Wiig's Annie is thirty-something with a life plan slowly disintegrating. She once operated a successful bakery that has gone under and now works a job she hates at a jewelry store and has not one but two wacky roommates. Then her best friend Lillian (Rudolph) announces she's getting married. This, naturally, delegates responsibility to Annie to plan and throw the bridal shower and the bachelorette party. But, of course, there's a problem, and it comes in the form of Lillian's kinda new best friend, Helen (Rose Byrne), wealthy, pseudo-sophisticated, and a real bitch, who wastes no time in worming her way into the mix to take over the reigns of everything Lillie. One of the film's most masterful sequences is the rival speeches at the engagement party between Annie and Helen which are played to the hilt by both actresses. Humor that produces look-away-with-uneasiness laughter is just so fun and, in fact, much of the film's best work involves nothing beyond conversations. (Annie's tete-a-tete with a young teen. Annie and Lillian riffing at brunch.)

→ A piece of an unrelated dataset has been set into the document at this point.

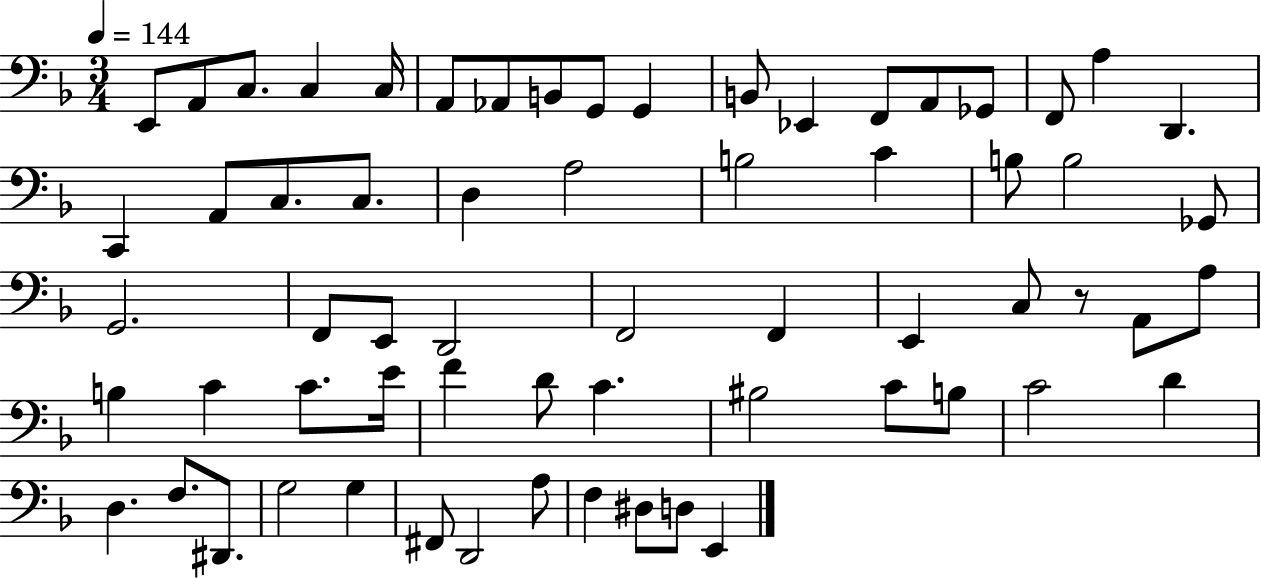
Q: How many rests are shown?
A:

The other bridesmaids are introduced. There is Rita (Wendi McLendon-Covey), long married and sick of her children and her husband (she gets the movie's best line, involving The Daily Show), and Becca (Ellie Kemper), prim and proper, and both forgotten by the screenplay as it progresses, and Megan (Melissa McCarthy), a hefty and zealous government employee who says and does what she wants. Annie also has the obligatory love interest who comes in the form of a cop (Chris O'Dowd, sweetly funny) who pulls her over for busted break lights and urges her to both get the break lights fixed and re-enter the world of baking. He fits the requisite Harlequin quotient on account of his Irish accent.

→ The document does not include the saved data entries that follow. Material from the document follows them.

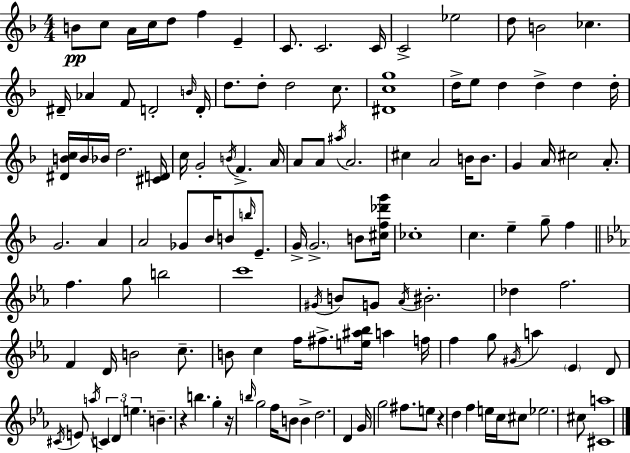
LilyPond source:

{
  \clef treble
  \numericTimeSignature
  \time 4/4
  \key f \major
  b'8\pp c''8 a'16 c''16 d''8 f''4 e'4-- | c'8. c'2. c'16 | c'2-> ees''2 | d''8 b'2 ces''4. | \break dis'16-- aes'4 f'8 d'2-. \grace { b'16 } | d'16-. d''8. d''8-. d''2 c''8. | <dis' c'' g''>1 | d''16-> e''8 d''4 d''4-> d''4 | \break d''16-. <dis' b' c''>16 b'16 bes'16 d''2. | <cis' d'>16 c''16 g'2-. \acciaccatura { b'16 } f'4.-> | a'16 a'8 a'8 \acciaccatura { ais''16 } a'2. | cis''4 a'2 b'16 | \break b'8. g'4 a'16 cis''2 | a'8.-. g'2. a'4 | a'2 ges'8 bes'16 b'8 | \grace { b''16 } e'8.-- g'16-> \parenthesize g'2.-> | \break b'8 <cis'' f'' des''' g'''>16 ces''1-. | c''4. e''4-- g''8-- | f''4 \bar "||" \break \key ees \major f''4. g''8 b''2 | c'''1 | \acciaccatura { gis'16 } b'8 g'8 \acciaccatura { aes'16 } bis'2.-. | des''4 f''2. | \break f'4 d'16 b'2 c''8.-- | b'8 c''4 f''16 fis''8.-> <e'' ais'' bes''>16 a''4 | f''16 f''4 g''8 \acciaccatura { gis'16 } a''4 \parenthesize ees'4 | d'8 \acciaccatura { cis'16 } e'8 \acciaccatura { a''16 } \tuplet 3/2 { c'4 d'4 e''4. } | \break b'4.-- r4 b''4. | g''4-. r16 \grace { b''16 } g''2 | f''16 b'8 b'4-> d''2. | d'4 g'16 g''2 | \break fis''8. e''8 r4 d''4 | f''4 e''16 c''16 cis''8 ees''2. | cis''8 <cis' a''>1 | \bar "|."
}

And while you may think the film's principal villain is Helen, you would be wrong. No, that dishonor goes to William Kerr and Michael L. Sale. Who? You know when the editing Oscars are announced how you might get up to the bathroom or not pay attention? Well, you should. It's people like Kerr and Sale who make it so apparent how great editing too often goes unnoticed. How in the world was this movie over two hours? Were all the actresses in the editing bay screaming, "Don't cut my lines! DON'T CUT MY LINES!" Most of the setpieces don't know when to call it quits or spend most of the time repeating the same joke so when a punchline that's actually quite good arrives it loses a certain amount of impact (see: Annie's Airplane Meltdown). And Annie's bottoming out at the end of the 2nd act somehow, improbably, goes on even longer than Owen Wilson's tortuously long bottoming out at the end of "Wedding Crashers." Kerr and Sale's work here is a disgrace to their profession and a disservice to their stars. It could have been much better if those two knew how to operate a delete button.

Granted, being overlong is a problem that plagues most of Judd Apatow's work. But then that's the whole point, really. "It is what it is" is an insanely over-used phrase but there really is nothing better to say for summary. "Bridesmaids" is exactly what it is. So please, let's not kid ourselves that it's anything more.

2 comments:

Simon said...

I loved this shit. Especially the opening conversation scene and the thing with the car.

Castor said...

I enjoyed this although it does its fair share of problems. Like many Apatow movies, it never seems to be able to blend the comedy and drama correctly. This results in the usual two first acts of comedy and last act of drama that see so often in movies Apatow is involved in.

Nonetheless, glad that the movie is doing well. I particularly appreciated that the movie doesn't resolve into a happy ending for Wiig's character because such is life.